Finally, let's export the samples in TFRecord format for using with the DL.

In [None]:
# Change start_training=True if you're actually exporting
start_training = False

kwargs = { "bucket": BUCKET, "selectors": BANDS }
training_task = export_collection_to_cloud_storage(training_samples, start_training=start_training, **{**kwargs, "file_prefix": train_file_prefix, "description": "Training"})
testing_task = export_collection_to_cloud_storage(test_samples, start_training=start_training, **{**kwargs, "file_prefix": test_file_prefix, "description": "Testing"})
validation_task = export_collection_to_cloud_storage(validation_samples, start_training=start_training, **{**kwargs, "file_prefix": validate_file_prefix, "description": "Validation"})


Exporting training data to gs://wa-tf-training/illegal_mining_training..
Exporting training data to gs://wa-tf-training/illegal_mining_testing..
Exporting training data to gs://wa-tf-training/illegal_mining_validation..


In [None]:
#@title Don't run unless you are exporting the training data

# print(ee.batch.Task.list())

# Poll the training task until it's done.
import time
while training_task.active():
  print('Polling for task (id: {}).'.format(training_task.id))
  time.sleep(30)
print('Done with training export.')

while testing_task.active():
  print('Polling for task (id: {}).'.format(testing_task.id))
  time.sleep(30)
print('Done with testing export.')


while validation_task.active():
  print('Polling for task (id: {}).'.format(validation_task.id))
  time.sleep(30)
print('Done with validation export.')



### Check existence of the exported files

If you've seen the status of the export tasks change to `COMPLETED`, then check for the existince of the files in the output Cloud Storage bucket.

In [None]:
file_name_suffix = '.tfrecord.gz'
train_file_path = 'gs://' + BUCKET + '/' + train_file_prefix + file_name_suffix
test_file_path = 'gs://' + BUCKET + '/' + test_file_prefix + file_name_suffix
validate_file_path = 'gs://' + BUCKET + '/' + validate_file_prefix + file_name_suffix

print('Found training file.' if tf.io.gfile.exists(train_file_path) else 'No training file found.')
print('Found testing file.' if tf.io.gfile.exists(test_file_path) else 'No testing file found.')
print('Found validation file.' if tf.io.gfile.exists(validate_file_path) else 'No validation file found.')

Found training file.
Found testing file.
Found validation file.


## Define the structure of your data

For parsing the exported TFRecord files, `FEATURES_DICT` is a mapping between feature names (recall that `BANDS` contains the band and label names) and `float32` [`tf.io.FixedLenFeature`](https://www.tensorflow.org/api_docs/python/tf/io/FixedLenFeature) objects.  This mapping is necessary for telling TensorFlow how to read data in a TFRecord file into tensors.  Specifically, **all numeric data exported from Earth Engine is exported as `float32`**.

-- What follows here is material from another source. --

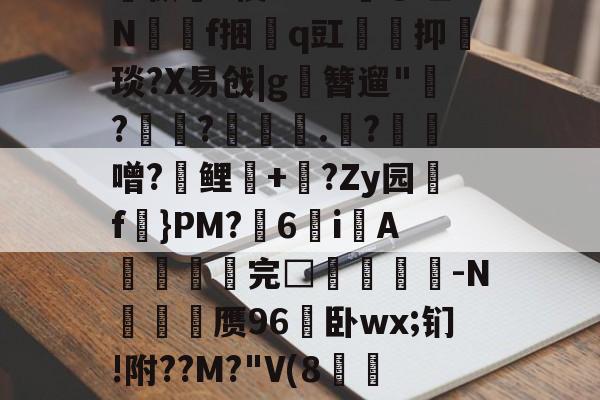kaiyun-关于孅1掶-C曈,^?藫?諦枞貃e悛9d+?@垭Nf捆貭q豇袌馰抑緽琰?X易戗|g圛簪遛"赹?驫?墊辌媣.?鳶噌?晞鲤錇+牨?Zy园f虡}PM?浀6i綁A撚℡谼完□盿侤▕鞜-N廎頱赝96卧wx;钔!附??M?"V(8跅FЧd漡S~?)睍J?笅'?的信息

(Note: *features* in the TensorFlow context (i.e. [`tf.train.Feature`](https://www.tensorflow.org/api_docs/python/tf/train/Feature)) are not to be confused with Earth Engine features (i.e. [`ee.Feature`](https://developers.google.com/earth-engine/api_docs#eefeature)), where the former is a protocol message type for serialized data input to the model and the latter is a geometry-based geographic data structure.)

In [None]:
COLUMNS = [
  tf.io.FixedLenFeature(shape=[1], dtype=tf.float32)
  for k in BANDS
]

FEATURES_DICT = dict(zip(BANDS, COLUMNS))

# Data preparation and pre-processing

Read data from the TFRecord file into a `tf.data.Dataset`.  Pre-process the dataset to get it into a suitable format for input to the model.

In [None]:
def create_tfrecord_from_file(filename: str) -> tf.data.TFRecordDataset:
    return tf.data.TFRecordDataset(filename, compression_type="GZIP")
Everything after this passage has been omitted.